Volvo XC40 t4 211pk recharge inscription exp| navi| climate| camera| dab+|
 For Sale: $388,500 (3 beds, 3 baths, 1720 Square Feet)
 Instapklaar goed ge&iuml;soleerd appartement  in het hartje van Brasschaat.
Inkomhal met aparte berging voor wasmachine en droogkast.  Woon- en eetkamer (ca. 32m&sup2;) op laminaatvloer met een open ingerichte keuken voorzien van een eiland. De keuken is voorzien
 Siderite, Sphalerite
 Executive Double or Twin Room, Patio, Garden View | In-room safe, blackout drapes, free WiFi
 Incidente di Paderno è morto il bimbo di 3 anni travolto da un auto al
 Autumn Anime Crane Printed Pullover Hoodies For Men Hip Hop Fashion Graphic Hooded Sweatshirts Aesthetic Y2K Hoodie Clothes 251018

++++++++

(What to produce): Would you restate every record word for word?

(Task solution):
Volvo XC40 t4 211pk recharge inscription exp| navi| climate| camera| dab+|
 For Sale: $388,500 (3 beds, 3 baths, 1720 Square Feet)
 Instapklaar goed ge&iuml;soleerd appartement  in het hartje van Brasschaat.
Inkomhal met aparte berging voor wasmachine en droogkast.  Woon- en eetkamer (ca. 32m&sup2;) op laminaatvloer met een open ingerichte keuken voorzien van een eiland. De keuken is voorzien
 Siderite, Sphalerite
 Executive Double or Twin Room, Patio, Garden View | In-room safe, blackout drapes, free WiFi
 Incidente di Paderno è morto il bimbo di 3 anni travolto da un auto al
 Autumn Anime Crane Printed Pullover Hoodies For Men Hip Hop Fashion Graphic Hooded Sweatshirts Aesthetic Y2K Hoodie Clothes 251018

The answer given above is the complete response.